X

Cloudera Tutorials

Optimize your time with detailed tutorials that clearly explain the best way to deploy, use, and manage Cloudera products. Login or register below to access all Cloudera tutorials.

Cloudera named a leader in 2022 Gartner® Magic Quadrant™ for Cloud Database Management Systems Get the report

Introduction

This tutorial will show you how use Apache NiFi to pull data in the form of a CSV file placed on a cloud storage solution, format it in order to send it to a messaging queue (Kafka), consuming from that queue to ingest it into an operational database (HBase), and then retrieving the data via SQL syntax using Phoenix, all within Cloudera Data Platform - Public Cloud (CDP-PC).

Prerequisites

  • Have administrator access to already created environment on Cloudera Data Platform (CDP) Public Cloud.
  • Have created a CDP workload User
  • Basic AWS CLI skills

Outline

Watch Video

The video below provides a brief overview of what is covered in this tutorial:

 

Download Assets

 

You have two (2) options to get the assets needed for this tutorial:

  1. Download a ZIP file

It contains only necessary files used in this tutorial. Unzip tutorial-files.zip and remember its location.

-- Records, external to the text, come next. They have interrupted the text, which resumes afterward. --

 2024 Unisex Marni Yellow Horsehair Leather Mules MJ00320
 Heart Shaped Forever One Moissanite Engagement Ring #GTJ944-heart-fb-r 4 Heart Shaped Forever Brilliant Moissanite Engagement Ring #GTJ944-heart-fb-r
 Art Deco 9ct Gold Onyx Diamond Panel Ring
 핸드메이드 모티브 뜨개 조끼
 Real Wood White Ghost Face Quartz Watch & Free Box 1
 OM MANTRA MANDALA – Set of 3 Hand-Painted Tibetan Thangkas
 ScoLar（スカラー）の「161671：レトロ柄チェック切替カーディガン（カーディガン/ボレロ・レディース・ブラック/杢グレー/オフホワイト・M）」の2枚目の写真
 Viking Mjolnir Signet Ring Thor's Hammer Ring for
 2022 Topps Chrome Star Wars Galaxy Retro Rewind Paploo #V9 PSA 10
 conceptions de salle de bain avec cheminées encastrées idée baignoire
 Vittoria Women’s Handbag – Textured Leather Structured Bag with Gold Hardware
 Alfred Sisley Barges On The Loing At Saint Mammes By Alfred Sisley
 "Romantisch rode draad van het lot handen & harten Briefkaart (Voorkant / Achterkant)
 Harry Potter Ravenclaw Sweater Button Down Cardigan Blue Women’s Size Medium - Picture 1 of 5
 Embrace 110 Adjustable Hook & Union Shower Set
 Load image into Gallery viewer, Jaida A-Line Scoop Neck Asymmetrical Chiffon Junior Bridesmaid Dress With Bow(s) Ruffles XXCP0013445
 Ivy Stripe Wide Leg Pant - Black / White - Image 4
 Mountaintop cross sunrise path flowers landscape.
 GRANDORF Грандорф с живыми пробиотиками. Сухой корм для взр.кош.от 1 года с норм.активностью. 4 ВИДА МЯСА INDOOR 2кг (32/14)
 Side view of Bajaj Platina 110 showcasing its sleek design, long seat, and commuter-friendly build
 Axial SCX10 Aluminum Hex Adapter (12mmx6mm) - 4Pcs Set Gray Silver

  1. Clone our GitHub repository

It provides assets used in this and other tutorials; organized by tutorial title.

 

Using AWS CLI, copy file corvette-data-june2020.csv to S3 bucket, s3a://<storage.location>/tutorial-opdb/, where <storage.location> is your environment’s property value for storage.location.base.

Note: You may need to ask your environment's administrator to get property value for storage.location.base.

 

In this example, property storage.location.base has value s3a://usermarketing-cdp-demo; therefore copy the file using the command:

aws s3 cp corvette-data-june2020.csv s3://usermarketing-cdp-demo/tutorial-opdb/corvette-data-june2020.csv

Provision Data Hub Clusters

This tutorial requires that we provision three (3) data hub clusters named:

 

1. um-nifi-demo, using cluster definition 7.2.0 - Flow Management Light Duty for AWS

 

2. um-streaming-demo, using cluster definition 7.2.0 - Streams Messaging Light Duty for AWS

3. um-opdb-demo, using cluster definition 7.2.0 - Operational Database with SQL for AWS

Note: Your CDP environment may have different cluster definitions.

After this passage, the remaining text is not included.